Suara Jelata – Sebagaimana diketahui, lembaga pendidikan merupakan tempat yang efektif untuk membentuk karakter melalui penanaman nilai-nilai universal bagi setiap individu yang terlibat di dalamnya. Penanaman nilai ini memiliki banyak bentuk, kegiatan, sikap, perilaku, pola pikir yang melibatkan seluruh anggota komunitas atau warga sekolah.
Dengan kata lain, implementasi pendidikan karakter di sekolah perlu utuh dan komprehensif yang melibatkan banyak orang. Semakin banyak komponen yang terlibat, akan menjadikan pendidikan karakter tersebut lebih membumi. Pendidikan karakter tidak dapat dilaksakanan secara parsial namun perlu simultan dengan melibatkan semua komponen di satuan pendidikan tersebut maupuan di lingkungan sekitar.
Pembelajar kompeten
Membentuk karakter peserta didik sebagai pembelajar yang kompeten tidak akan terwujud apabila lingkungan pendidikan belum ramah bagi efektivitas proses belajar di sekolah. Prestasi akademis maupun non akademis peserta didik tidak akan meningkat dengan pesat bila lingkungan sosial dan budaya yang membentuk kultur pembelajaran di lingkungan sekolah belum terbangun.
Untuk itu, kiranya pendidikan karakter yang melahirkan akhlak mulia mesti segera menjadi perhatian bagi semua pihak. Maraknya persoalan moral, kejahatan anak di dunia maya, tawuran pelajar, dan perundungan yang makin meningkat membuat semua komponen perlu bahu membahu bekerjasama dalam membentuk karakter peserta didik.
Menciptakan iklim sekolah yang aman, dan ramah merupakan roh dari semangat merdeka belajar. Tanpa lingkungan belajar yang kondusif, mustahil terbentuk individu yang mampu secera merdeka dan bebas belajar menyalurkan ekspresinya untuk menemukan keunggulan dan potensi dirinya.

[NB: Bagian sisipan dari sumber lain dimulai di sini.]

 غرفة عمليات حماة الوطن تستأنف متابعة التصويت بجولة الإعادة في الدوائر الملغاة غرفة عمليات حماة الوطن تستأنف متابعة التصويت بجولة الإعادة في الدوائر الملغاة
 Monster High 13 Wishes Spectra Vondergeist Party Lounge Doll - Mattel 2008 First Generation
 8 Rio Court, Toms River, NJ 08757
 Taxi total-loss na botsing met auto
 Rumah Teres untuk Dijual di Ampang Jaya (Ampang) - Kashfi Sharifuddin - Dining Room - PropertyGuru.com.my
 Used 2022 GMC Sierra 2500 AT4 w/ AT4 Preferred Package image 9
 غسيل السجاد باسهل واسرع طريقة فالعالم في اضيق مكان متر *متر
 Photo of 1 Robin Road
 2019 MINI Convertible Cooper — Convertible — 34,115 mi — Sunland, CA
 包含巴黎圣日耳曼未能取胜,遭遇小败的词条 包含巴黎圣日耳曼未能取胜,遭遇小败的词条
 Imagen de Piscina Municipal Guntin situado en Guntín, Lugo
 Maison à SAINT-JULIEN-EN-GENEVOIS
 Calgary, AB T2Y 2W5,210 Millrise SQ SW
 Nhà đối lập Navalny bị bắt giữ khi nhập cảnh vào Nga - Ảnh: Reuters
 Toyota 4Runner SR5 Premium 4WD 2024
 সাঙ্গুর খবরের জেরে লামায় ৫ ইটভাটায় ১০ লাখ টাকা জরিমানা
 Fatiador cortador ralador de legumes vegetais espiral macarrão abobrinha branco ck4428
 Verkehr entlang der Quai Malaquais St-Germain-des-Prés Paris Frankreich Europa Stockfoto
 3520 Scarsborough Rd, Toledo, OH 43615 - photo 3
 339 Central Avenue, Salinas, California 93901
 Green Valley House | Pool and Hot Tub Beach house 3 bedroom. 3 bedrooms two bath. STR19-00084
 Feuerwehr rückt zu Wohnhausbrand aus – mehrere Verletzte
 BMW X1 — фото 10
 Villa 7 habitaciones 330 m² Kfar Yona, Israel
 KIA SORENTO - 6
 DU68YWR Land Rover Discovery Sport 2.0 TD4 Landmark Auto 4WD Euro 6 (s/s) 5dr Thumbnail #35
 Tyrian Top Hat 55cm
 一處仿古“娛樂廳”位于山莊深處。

Iklim kondusif dapat diciptakan dengan beberapa alternatif, di antaranya melatih bela rasa. Implikasi bela rasa tak lain adalah sebuah emosi yang kerap mengandalkan korelasi imajinasi personal pada kebaikan orang lian dan menempatkan mereka sebagai objek dari kepedulian secara intens. Untuk itu melatih bela rasa memerlukan otentisitas dan ketersediaan untuk merasakan apa yang dirasakan juga oleh orang lain (Doni Koesoema A., & Evy Anggraeny, 2020).
Menumbuhkan kepekaan
Melatih bela rasa merupakan bentik praktik pendidikan yang baik, sebab dengan melatih berbela rasa, masing-masing individu dapat menumbuhkan kepekaan moral dalam kehidupan, terutama ketika berhadapan dengan orang lain. Guru di sekolah dapat memberikan pendampingan agar peserta didik memiliki sikap berbela rasa dengan yang lain dan merasa satu rasa dengan mereka yang bergembira, menderita, prihatin. Melatih bela rasa ini sangat penting agar mereka dapat mengambil sikap yang tepat ketika menghadap kondisi atau keadaan orang lain yang mereka jumpai.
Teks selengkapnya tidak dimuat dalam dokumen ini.